It’s the closing moments of the greatest sporting event in the world. The Steelers are driving down the field towards what could be the winning touchdown and where am I to see this moment in Super Bowl history? Under the stands t at Raymond James Stadium … watching it on TV.
I’ll explain how I got there in a moment.
I have covered three Steeler Super Bowls and there is nothing like being in the city where the game is being played that morning. You know the whole world is watching and most of the planet would give their right arm to have the access you do during Super Bowl week.
Channel 4 Action News photographer Dan Pratt helping Steeler punter Mitch Berger scoop up confetti off the field at Raymond James Stadium.
While I seen the Steelers in the Super Bowl before, this one was different. It wasn’t the first after a long drought like Super Bowl XXX in Arizona and it wasn’t the “one for the thumb” like Super Bowl XL in frigid Detroit. This was a Steeler team that had a new head coach, a completely different identity and an opponent which failed to strike fear in the heart of Steeler Nation. The Arizona Cardinals had been a punchline for most of their existence until reaching Super Bowl XLIII.
For me, I have to admit there were mixed emotions. As a news anchor, I no longer go to Steeler practices and the locker room on a regular basis. I didn’t personally know many of the younger players while I was very familiar with some members of the Arizona Cardinals. I knew head coach ken Whisenhunt so well that I was the first to let him know about Ben Roethlisberger’s motorcycle accident because I had his cell phone number. Receiver Steve Breaston and defender Reggie Wells were players I first covered when the played high school football in these parts. Russ Grimm and Larry Fitzgerald were people who played or coached here who I knew very well. No matter who won, I would have had reason to be happy for the victors.
As for the game, Guy Junker, Sally Wiggin and myself were seated at the highest most seats in the grandstand at the Stadium. We had bird’s-eye view of the 100-yard return by James Harrison and the spectacular halftime show. However, we were supposed to be on the air, broadcasting live back to Pittsburgh, as soon as the game concluded … so we followed the media horde down to the tunnel under the stadium with five minutes to go.

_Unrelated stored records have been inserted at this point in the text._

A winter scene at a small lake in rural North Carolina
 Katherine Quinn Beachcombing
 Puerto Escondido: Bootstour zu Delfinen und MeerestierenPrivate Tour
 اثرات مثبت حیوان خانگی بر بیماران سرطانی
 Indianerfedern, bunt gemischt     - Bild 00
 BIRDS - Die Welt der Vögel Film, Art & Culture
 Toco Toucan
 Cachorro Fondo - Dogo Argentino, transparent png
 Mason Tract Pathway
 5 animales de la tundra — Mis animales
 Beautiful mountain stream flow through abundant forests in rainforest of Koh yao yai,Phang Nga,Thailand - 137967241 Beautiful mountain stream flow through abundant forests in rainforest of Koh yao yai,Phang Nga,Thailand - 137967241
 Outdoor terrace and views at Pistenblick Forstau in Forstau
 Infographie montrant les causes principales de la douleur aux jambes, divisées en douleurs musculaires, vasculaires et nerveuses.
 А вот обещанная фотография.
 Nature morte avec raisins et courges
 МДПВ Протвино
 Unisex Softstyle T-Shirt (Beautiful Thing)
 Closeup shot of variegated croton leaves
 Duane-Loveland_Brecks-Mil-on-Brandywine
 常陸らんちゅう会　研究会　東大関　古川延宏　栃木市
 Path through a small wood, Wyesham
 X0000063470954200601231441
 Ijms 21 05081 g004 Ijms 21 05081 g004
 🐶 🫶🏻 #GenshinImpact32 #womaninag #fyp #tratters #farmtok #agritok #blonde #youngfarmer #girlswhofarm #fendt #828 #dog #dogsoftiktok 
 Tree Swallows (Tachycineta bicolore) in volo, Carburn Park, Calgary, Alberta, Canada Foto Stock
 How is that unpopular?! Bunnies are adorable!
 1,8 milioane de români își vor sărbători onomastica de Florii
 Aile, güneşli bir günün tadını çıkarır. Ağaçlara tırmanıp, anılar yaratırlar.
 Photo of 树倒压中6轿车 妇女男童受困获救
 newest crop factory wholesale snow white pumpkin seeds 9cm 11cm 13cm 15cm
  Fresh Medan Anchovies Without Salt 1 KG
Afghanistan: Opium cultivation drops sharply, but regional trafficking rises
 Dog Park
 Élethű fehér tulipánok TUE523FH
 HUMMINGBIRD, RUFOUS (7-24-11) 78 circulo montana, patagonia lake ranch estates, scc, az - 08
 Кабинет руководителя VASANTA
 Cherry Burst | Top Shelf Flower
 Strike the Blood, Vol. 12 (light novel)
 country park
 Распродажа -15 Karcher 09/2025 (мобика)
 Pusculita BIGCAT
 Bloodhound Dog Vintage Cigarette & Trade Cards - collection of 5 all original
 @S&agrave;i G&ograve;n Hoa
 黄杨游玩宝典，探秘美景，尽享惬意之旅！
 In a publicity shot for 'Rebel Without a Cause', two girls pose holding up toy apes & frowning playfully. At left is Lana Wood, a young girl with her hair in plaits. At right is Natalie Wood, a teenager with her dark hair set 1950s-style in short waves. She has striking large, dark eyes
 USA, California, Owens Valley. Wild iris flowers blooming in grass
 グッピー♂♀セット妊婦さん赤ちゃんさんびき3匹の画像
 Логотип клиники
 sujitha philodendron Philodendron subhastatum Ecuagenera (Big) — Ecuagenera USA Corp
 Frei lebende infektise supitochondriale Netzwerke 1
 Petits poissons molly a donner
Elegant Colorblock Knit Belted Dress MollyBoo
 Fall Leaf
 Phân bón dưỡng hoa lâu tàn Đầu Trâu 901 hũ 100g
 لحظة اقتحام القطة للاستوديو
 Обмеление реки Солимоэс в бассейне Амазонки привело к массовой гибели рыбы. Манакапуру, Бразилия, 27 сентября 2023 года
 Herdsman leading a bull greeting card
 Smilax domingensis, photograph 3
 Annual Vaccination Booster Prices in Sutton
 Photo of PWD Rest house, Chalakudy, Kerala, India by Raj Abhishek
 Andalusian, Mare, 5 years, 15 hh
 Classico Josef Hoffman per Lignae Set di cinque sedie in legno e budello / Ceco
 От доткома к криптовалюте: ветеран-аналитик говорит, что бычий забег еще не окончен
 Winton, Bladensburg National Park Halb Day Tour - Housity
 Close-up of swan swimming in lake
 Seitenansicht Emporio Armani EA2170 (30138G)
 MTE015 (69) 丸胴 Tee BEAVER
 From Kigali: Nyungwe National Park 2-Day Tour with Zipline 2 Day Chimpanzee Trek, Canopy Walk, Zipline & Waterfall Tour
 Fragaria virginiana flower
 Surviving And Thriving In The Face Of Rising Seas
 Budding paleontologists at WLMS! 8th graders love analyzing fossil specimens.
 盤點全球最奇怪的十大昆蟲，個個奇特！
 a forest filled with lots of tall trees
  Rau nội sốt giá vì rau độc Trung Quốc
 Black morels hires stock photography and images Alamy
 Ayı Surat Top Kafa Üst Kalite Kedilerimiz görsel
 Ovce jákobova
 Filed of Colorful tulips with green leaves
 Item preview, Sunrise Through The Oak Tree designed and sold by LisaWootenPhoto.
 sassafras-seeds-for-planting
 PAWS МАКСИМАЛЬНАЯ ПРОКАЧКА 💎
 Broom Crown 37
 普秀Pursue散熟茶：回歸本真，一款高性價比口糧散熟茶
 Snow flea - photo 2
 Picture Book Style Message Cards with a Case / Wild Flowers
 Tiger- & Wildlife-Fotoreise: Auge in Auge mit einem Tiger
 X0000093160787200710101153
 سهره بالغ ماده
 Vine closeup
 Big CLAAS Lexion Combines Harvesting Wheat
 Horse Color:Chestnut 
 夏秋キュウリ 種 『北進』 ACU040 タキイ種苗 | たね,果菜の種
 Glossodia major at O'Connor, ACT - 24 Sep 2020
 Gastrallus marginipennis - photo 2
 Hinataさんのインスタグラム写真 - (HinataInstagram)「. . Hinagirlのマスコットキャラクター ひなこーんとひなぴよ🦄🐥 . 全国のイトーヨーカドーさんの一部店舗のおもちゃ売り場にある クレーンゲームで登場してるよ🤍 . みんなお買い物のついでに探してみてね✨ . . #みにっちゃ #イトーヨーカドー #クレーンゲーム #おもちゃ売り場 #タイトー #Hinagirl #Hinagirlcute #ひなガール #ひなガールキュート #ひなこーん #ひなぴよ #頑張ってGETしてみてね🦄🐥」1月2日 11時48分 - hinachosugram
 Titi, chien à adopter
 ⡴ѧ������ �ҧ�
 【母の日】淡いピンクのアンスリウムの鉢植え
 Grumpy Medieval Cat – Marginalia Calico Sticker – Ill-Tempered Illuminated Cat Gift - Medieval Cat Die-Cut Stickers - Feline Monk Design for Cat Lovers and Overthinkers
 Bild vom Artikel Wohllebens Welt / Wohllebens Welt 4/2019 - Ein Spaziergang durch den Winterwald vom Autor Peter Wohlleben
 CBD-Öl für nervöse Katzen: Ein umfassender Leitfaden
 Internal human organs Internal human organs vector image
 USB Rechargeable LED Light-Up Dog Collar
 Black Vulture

Of course, it wound up being the best part of the game … and we were stuck watching it on TV as we waited to take the field. I will say that Sally and myself rode the roller coaster in that time, watching the Cardinals take the lead, then seeing the Steelers comeback and win on Santonio Holmes end zone grab.
As soon as the clock hit zero, Sally and I grabbed each other’s hand and made a mad dash for the field. We stayed close so we weren’t run over by the mass of media descending upon the field. Once in place, we had players come join us for live interviews. They were like little kids, especially offensive lineman Max Starks who hugged both of us … and nearly squeezed us to death in the process.
However, one moment from that post-game celebration stays with me. The team’s punter, Mitch Berger, joined us for an interview. So what do you ask the punter? Well the simple question is to ask “how do you feel?”. His answer said it all. He was signed to replace the team’s regular punter who was injured. Mitch said after many years in the league, he never expected to have this chance. He pointed to his dad in the stands and said how much it mean that his dad was there. Berger then said he would grab handfuls of confetti on the ground and take them home to remember this moment.
The Super Bowl means different things to different people. For me, it’s the greatest sporting event in the world … and one of the greatest displays of passion and pure emotion you will ever see. Hopefully, I won’t have to wait long for another chance to take part in “Super Sunday”.